* [THE TASK] When you transcribe the entries, reproduce every character and exclude the images.

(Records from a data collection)
++++

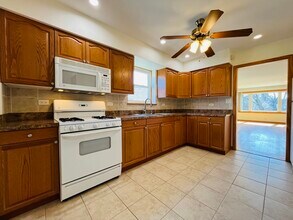 5504 W Sunnyside Ave in Chicago, IL - Building Photo - Building Photo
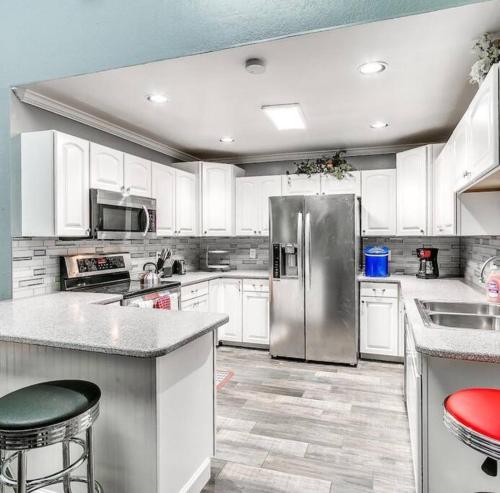 Beautiful home with pool and king beds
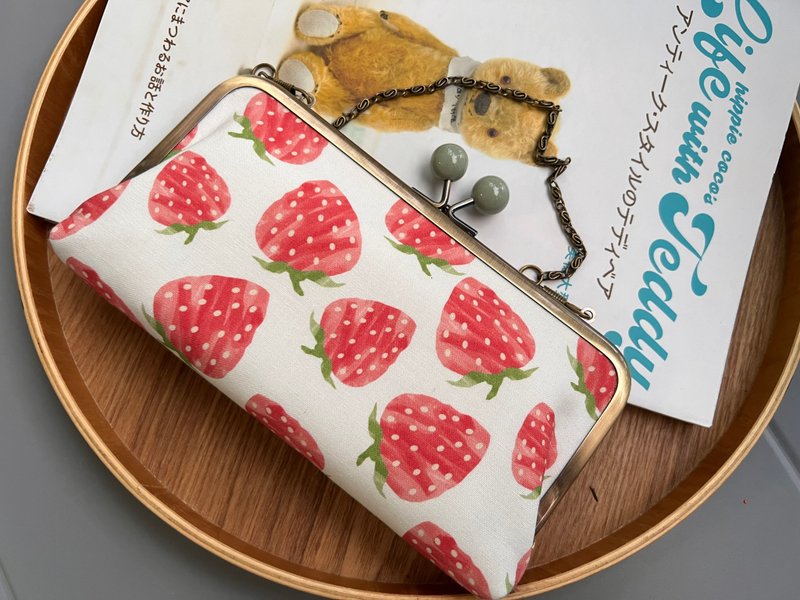 【现货】莓语时光口金收纳袋 唯一 仅有 售完不补 - 化妆包/杂物包 - 棉．麻 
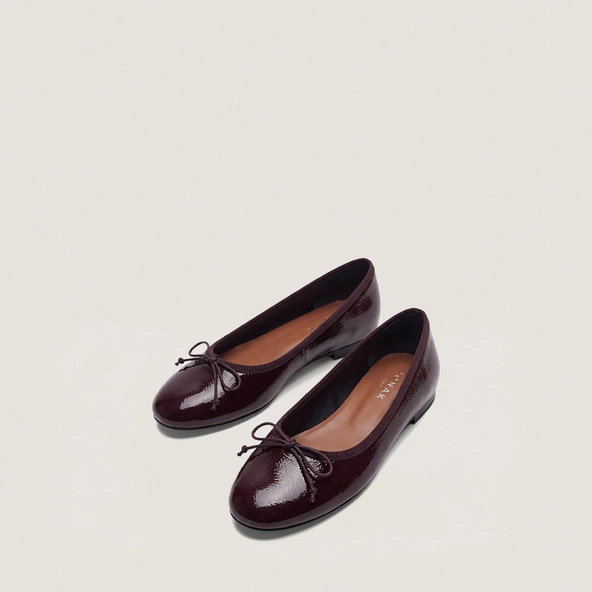 Lace-up ballet flats in burgundy pleated patent leather | DALLERINE
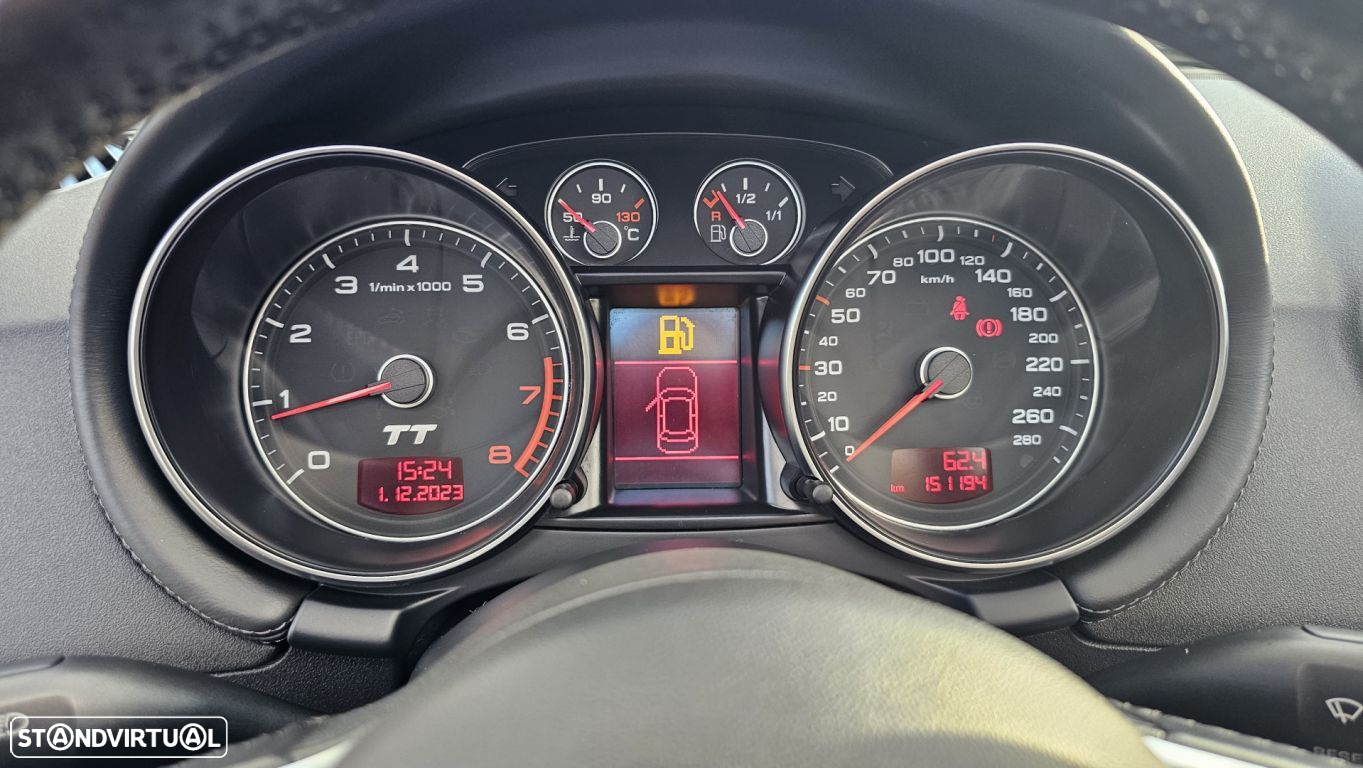 Audi TT Roadster 2.0 TFSi S-line - 29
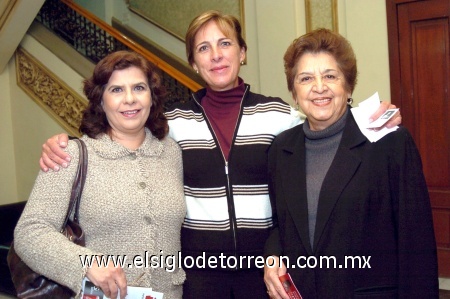 23112008
Laura Martínez, Joann Murra y Lety Esquivies.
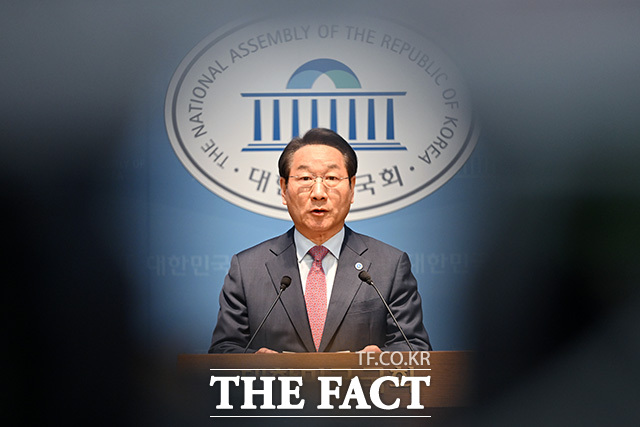 기자회견 열고 발어하는 유 시장.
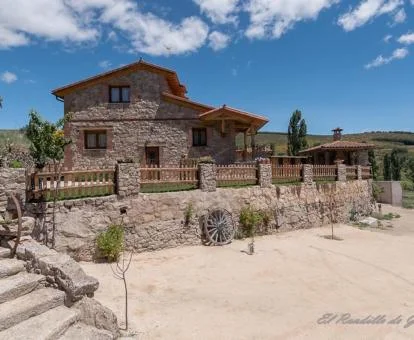 Alojamiento rural que brinda casas independientes con zona exterior común.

++++

* [EXERCISE RESULT]
 5504 W Sunnyside Ave in Chicago, IL - Building Photo - Building Photo
 Beautiful home with pool and king beds
 【现货】莓语时光口金收纳袋 唯一 仅有 售完不补 - 化妆包/杂物包 - 棉．麻 
 Lace-up ballet flats in burgundy pleated patent leather | DALLERINE
 Audi TT Roadster 2.0 TFSi S-line - 29
 23112008
Laura Martínez, Joann Murra y Lety Esquivies.
 기자회견 열고 발어하는 유 시장.
 Alojamiento rural que brinda casas independientes con zona exterior común.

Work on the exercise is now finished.